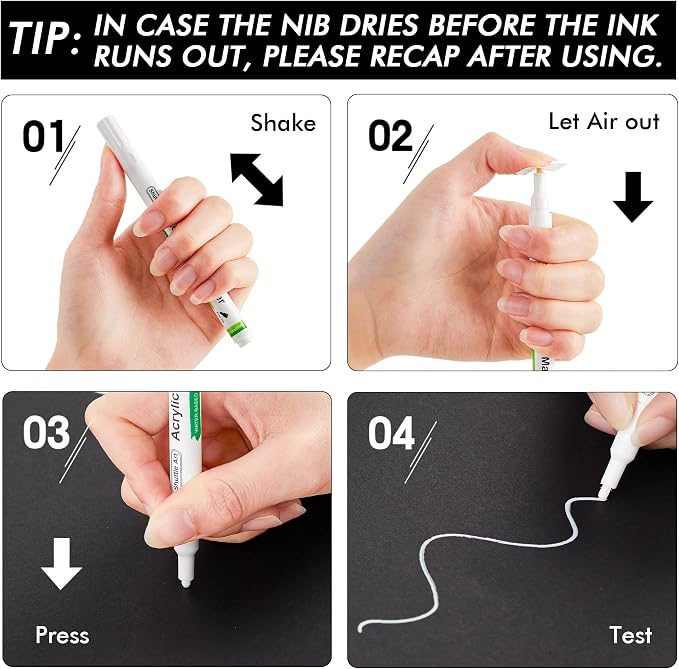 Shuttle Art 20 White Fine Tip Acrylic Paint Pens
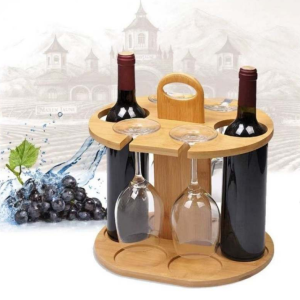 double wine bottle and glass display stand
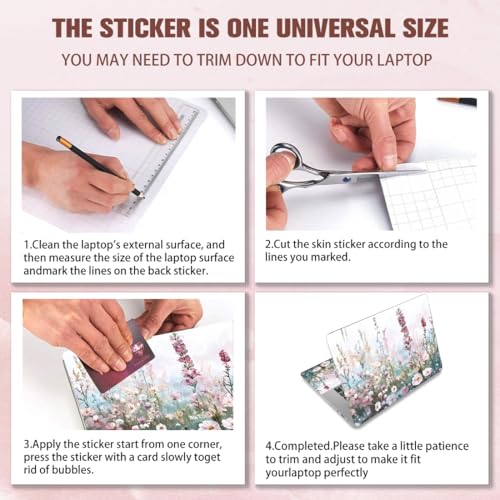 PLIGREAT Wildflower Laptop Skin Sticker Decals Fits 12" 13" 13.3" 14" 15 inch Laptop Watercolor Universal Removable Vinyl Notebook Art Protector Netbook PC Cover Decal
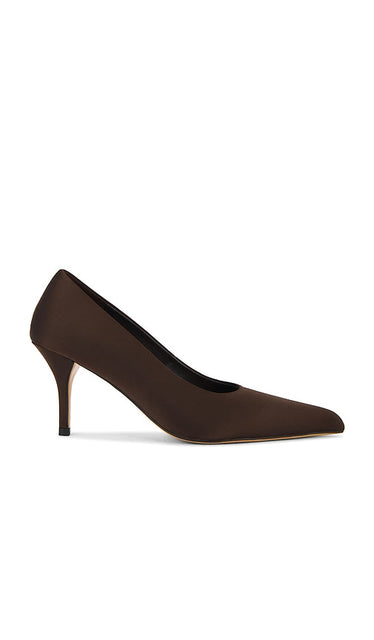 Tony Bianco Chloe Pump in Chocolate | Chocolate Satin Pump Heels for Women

• _EXERCISE DETAILS_:
Everything in the data above gets copied exactly. Only the pictures are skipped.

• _RESPONSE TO THE EXERCISE_:
 Shuttle Art 20 White Fine Tip Acrylic Paint Pens
 double wine bottle and glass display stand
 PLIGREAT Wildflower Laptop Skin Sticker Decals Fits 12" 13" 13.3" 14" 15 inch Laptop Watercolor Universal Removable Vinyl Notebook Art Protector Netbook PC Cover Decal
 Tony Bianco Chloe Pump in Chocolate | Chocolate Satin Pump Heels for Women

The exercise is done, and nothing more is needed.